# hunting with bright moon



## whackemstackem21 (Jan 18, 2011)

im from PA and i have had real bad luck hunting coyotes n foxes when the moon is bright. id like to know some other peoples thoughts and experiences with it. thanks!


----------



## 220swift (Mar 2, 2011)

are you hunting at night or during daylight hours after a bright night?

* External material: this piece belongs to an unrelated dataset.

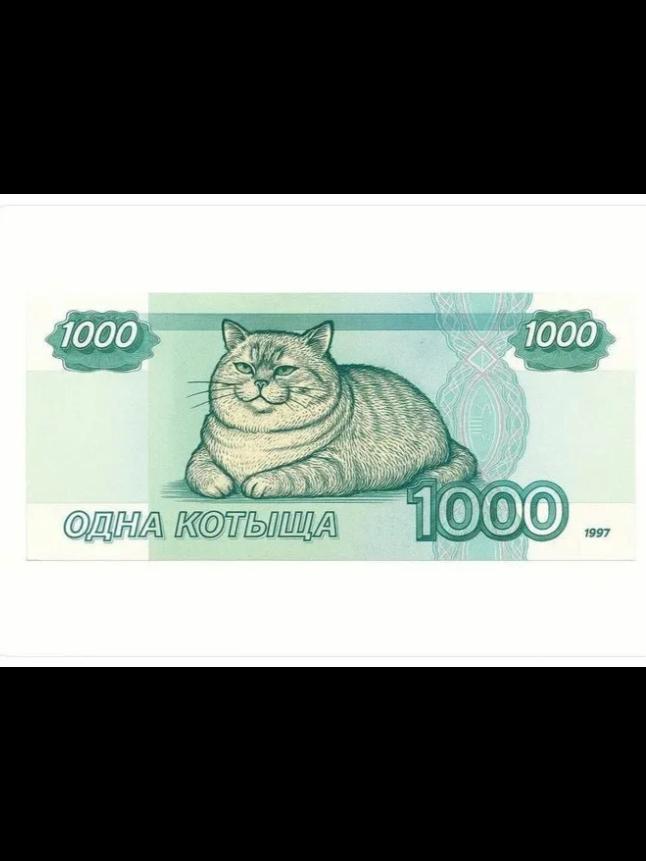 Шуточная банкнота с котом и надписью "Одна котыща".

It seems to me that predators hunt harder during a full moon phase all night. Their eye sight being what it is alows them to see better and a bright night gives them a upper hand to stalk their prey. Then during daylight hours they are not as interested in a distressed animal sound because their bellies are full from the night before. IMO


----------



## Predatorhunter (Dec 9, 2010)

I've never had real good luck hunting at night on bright moon or full moon nights but it's still fun trying. I have a buddy that traps and he told me one time that he didn't do as well on his trap line on full moon nights. I don't know why?


----------



## youngdon (Mar 10, 2010)

220swift said:


> are you hunting at night or during daylight hours after a bright night?
> 
> It seems to me that predators hunt harder during a full moon phase all night. Their eye sight being what it is alows them to see better and a bright night gives them a upper hand to stalk their prey. Then during daylight hours they are not as interested in a distressed animal sound because their bellies are full from the night before. IMO


Well said 220... and they can see a hunter better also.


----------



## 220swift (Mar 2, 2011)

youngdon said:


> Well said 220... and they can see a hunter better also.


very good point Don!


----------



## whackemstackem21 (Jan 18, 2011)

i would be hunting at night, thanks for all the good comments... !


----------